POJ1201 Intervals <差分约束系统>

Intervals

You are given n closed, integer intervals [ai, bi] and n integers c1, ..., cn.
Write a program that:
reads the number of intervals, their end points and integers c1, ..., cn from the standard input, computes the minimal size of a set Z of integers which has at least ci common elements with interval [ai, bi], for each i=1,2,...,n, writes the answer to the standard output.

Input
The first line of the input contains an integer n (1 <= n <= 50000) -- the number of intervals. The following n lines describe the intervals.
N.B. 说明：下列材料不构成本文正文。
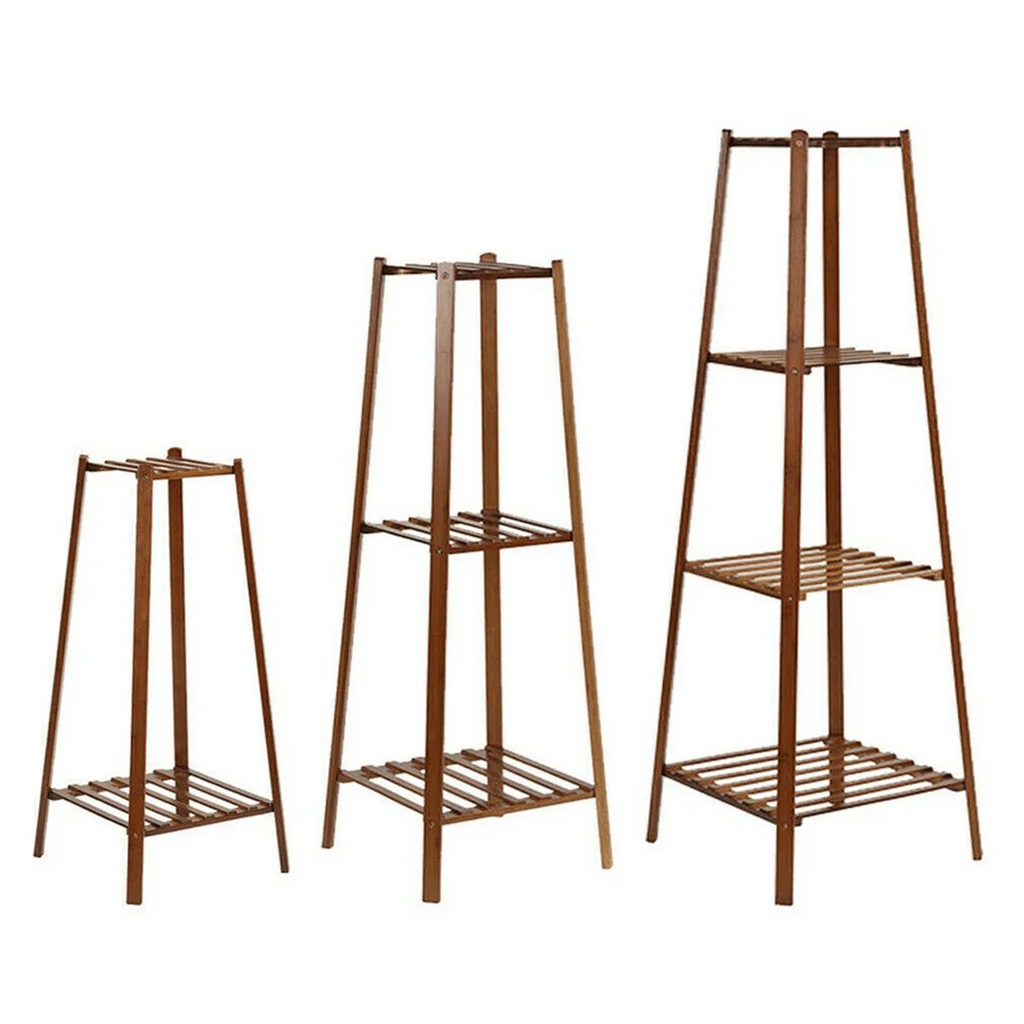 Plant Stand - Tiered Bamboo Design - Natural Wood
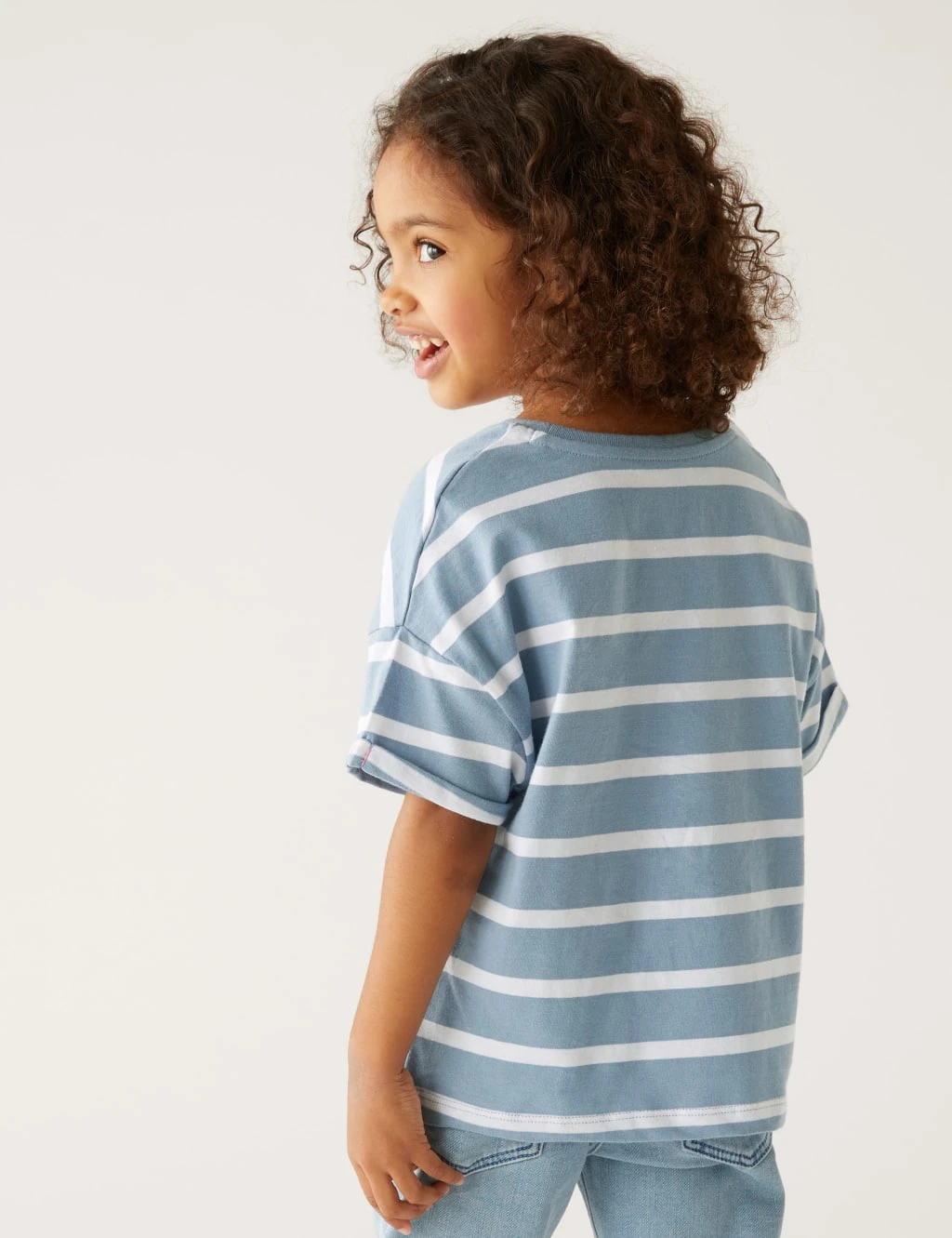5pk Pure Cotton Plain & Striped Tops (2-8 Yrs) 9 5pk Pure Cotton Plain & Striped Tops (2-8 Yrs) - Image 7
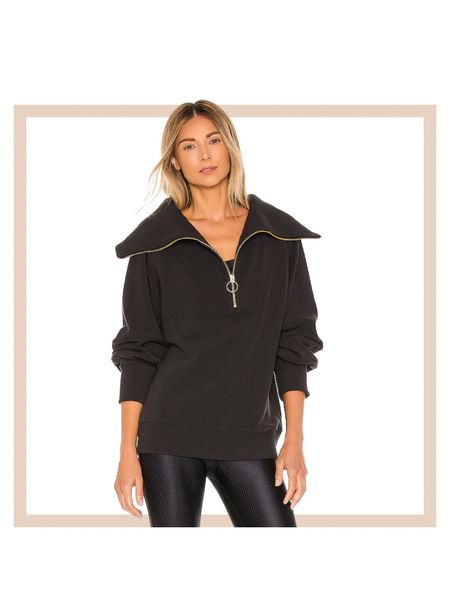Black partial zip casual lounge pullover sweater top

#LTKfindsunder50 #LTKfindsunder100 #LTKstyletip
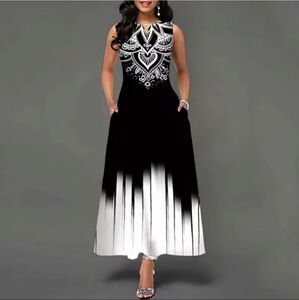 Elegant Black and White Maxi Dress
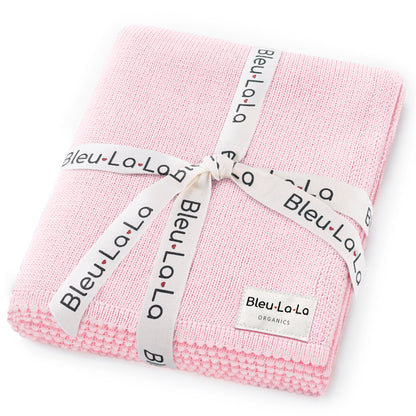 Pink fabric with 'Bleu La La' branding on a white background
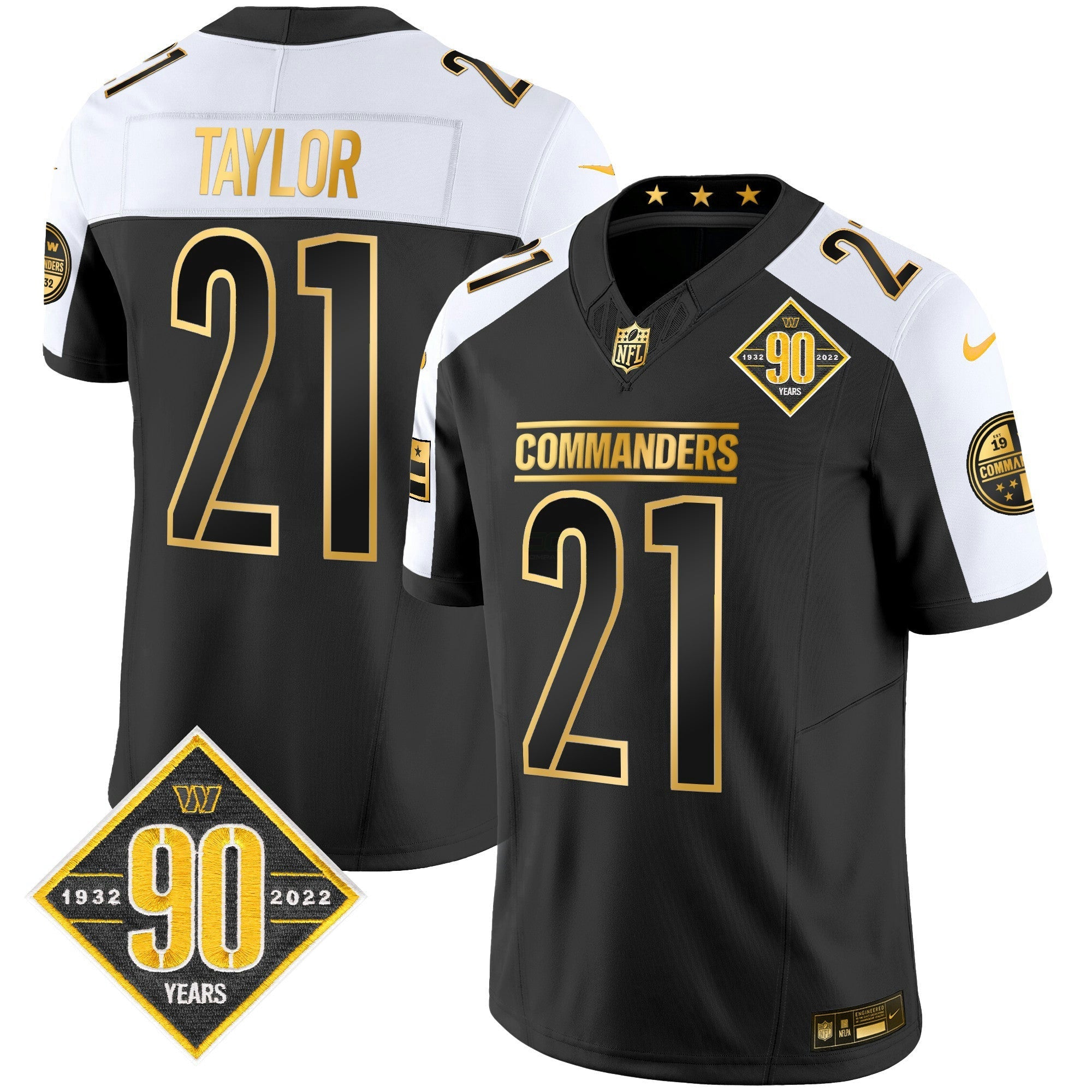 Camisa NFL Men’s Washington 90th Anniversary Patch Dourada Vapor Limited Jersey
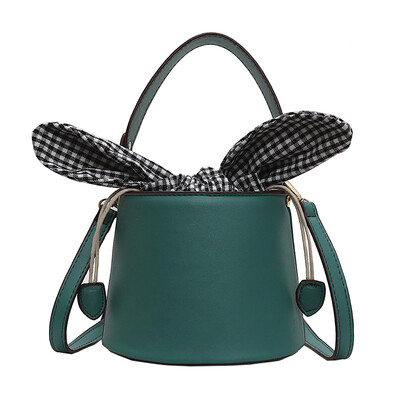 

New Spring&Summer Women Bucket Messenger Bag Girl PU Leather Fashion Shoulder Womens Small Cute Handbag Bow Crossbody Bag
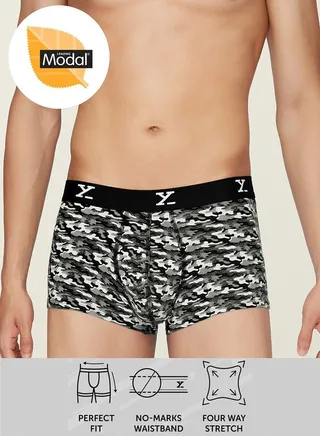 Modal Stretch Printed Trunks with Branded Elastic 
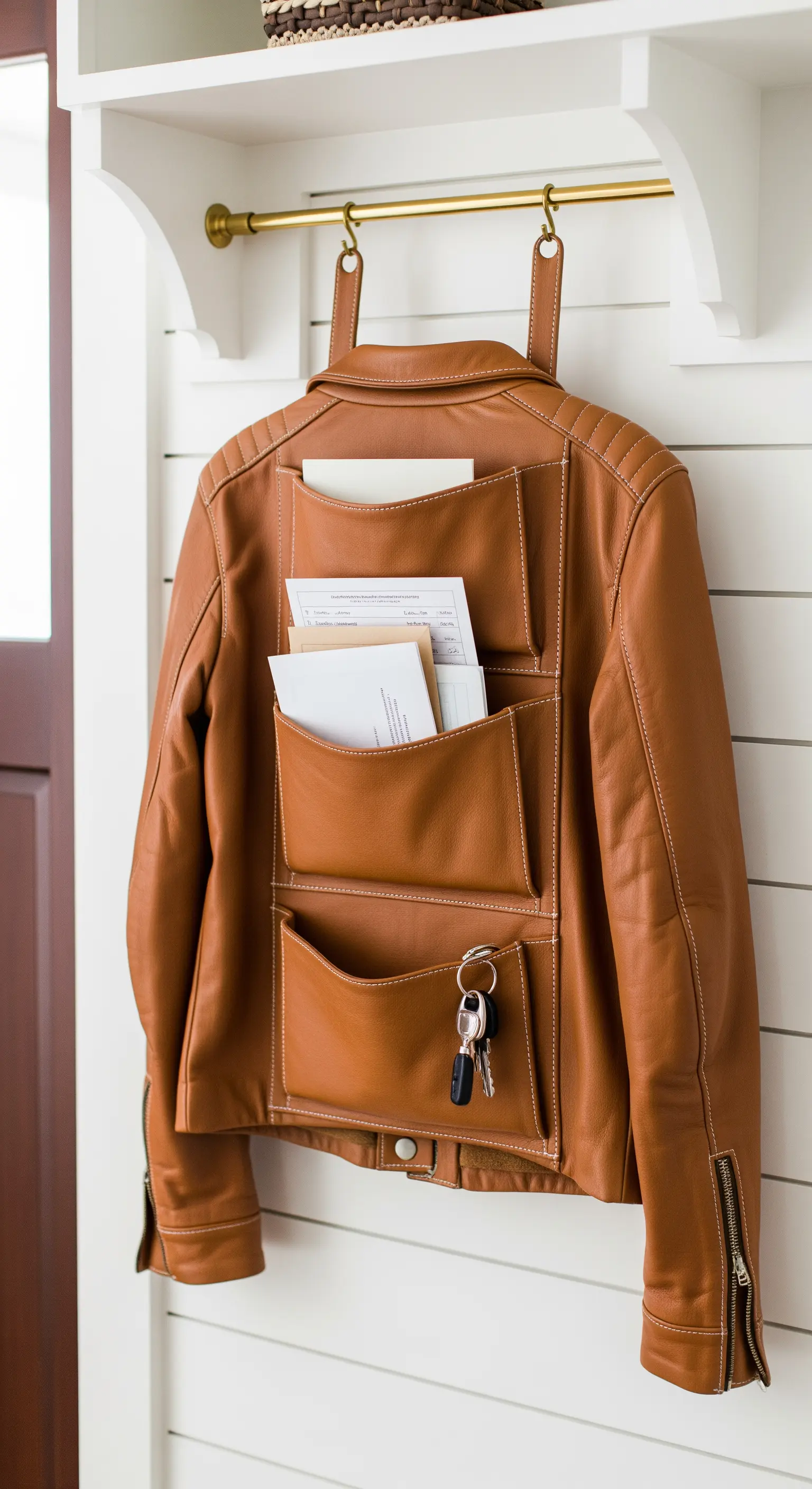 Giacca di pelle marrone appesa a una parete bianca, con le tasche usate come portaoggetti.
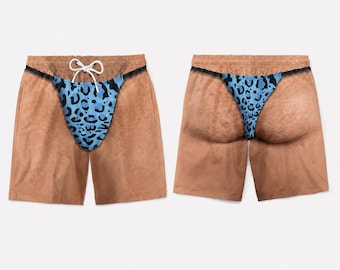 Custom Funny Men Swim Trunks: Personalized Leopard Thong Bikini Beach Short Beach Shorts, Summer Vacation Gifts For Men, Gag Gift For Him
The (i+1)-th line of the input contains three integers ai, bi and ci separated by single spaces and such that 0 <= ai <= bi <= 50000 and 1 <= ci <= bi - ai+1.
Output
The output contains exactly one integer equal to the minimal size of set Z sharing at least ci elements with interval [ai, bi], for each i=1,2,...,n.

Sample Input
5
3 7 3
8 10 3
6 8 1
1 3 1
10 11 1
Sample Output
6

标签：差分约束系统

题目大意：给出n个区间，试确定一个集合使得对于i=1..n，第i个区间内至少有ci个数，并使得此集合尽量小，输出最小大小。

题解：
首先用前缀和。sum[i]表示从1到i中共选出多少个数到集合中。这样对于集合[ai,bi]，有sum[bi]-sum[ai-1]>=ci，于是我们可以从点ai-1到bi连一条权值为ci的边。因为题意是要满足所有的边，所以我们需要找最长路。
此题有一些细节问题。首先，找最长路需要起点和终点，我们需要找到这些集合覆盖的范围，即找到左端点（其实应该是左端点-1）的最小值s和右端点的最大值t，找s到t的最大值。此外，光有上述的那些边时无法构成一个连通图的，所以我们需要找一些隐含条件。可以发现有sum[i]-sum[i-1]>=0，sum[i]-sum[i-1]<=1，为了保持一致，应将后面的式子转化为大于等于，即sum[i-1]-sum[i]>=-1，这样对于i=s+1~t，从i-1到i连接一条权值为0的路，从i到i-1连接一条权值为-1的路，之后就可以直接用SPFA找最长路了。

最后附上AC代码：

#include <iostream>
#include <cstdio>
#include <cstring>
#include <queue>
#define MAX_N 50000
using namespace std;
int n, cnt, s, t, pre[MAX_N+5], dis[MAX_N+5];
struct node {int v, c, nxt;} E[MAX_N*3+5];
void insert(int u, int v, int c) {
	E[++cnt].v = v, E[cnt].c = c;
	E[cnt].nxt = pre[u], pre[u] = cnt;
}
void SPFA() {
	queue <int> que;
	bool inque[MAX_N+5];
	memset(dis, 128, sizeof(dis));
	memset(inque, 0, sizeof(inque));
	dis[s] = 0;
	que.push(s), inque[s] = true;
	while (!que.empty()) {
		int u = que.front();
		for (int i = pre[u]; i; i = E[i].nxt) {
			int v = E[i].v, c = E[i].c;
			if (dis[u]+c > dis[v]) {
				dis[v] = dis[u]+c;
				if (!inque[v])	que.push(v), inque[v] = true;
			}
		}
		que.pop(), inque[u] = false;
	}
}
int main() {
	while (scanf("%d", &n) != EOF) {
		cnt = 0, s = 50000, t = 0;
		memset(pre, 0, sizeof(pre));
		memset(E, 0, sizeof(E));
		for (int i = 0; i < n; i++) {
			int u, v, c;
			scanf("%d%d%d", &u, &v, &c);
			insert(u, v+1, c);
			s = min(s, u);
			t = max(t, v+1);
		}
		for (int i = s; i < t; i++)	insert(i, i+1, 0), insert(i+1, i, -1);
		SPFA();
		printf("%d\n", dis[t]);
	}
	return 0;
}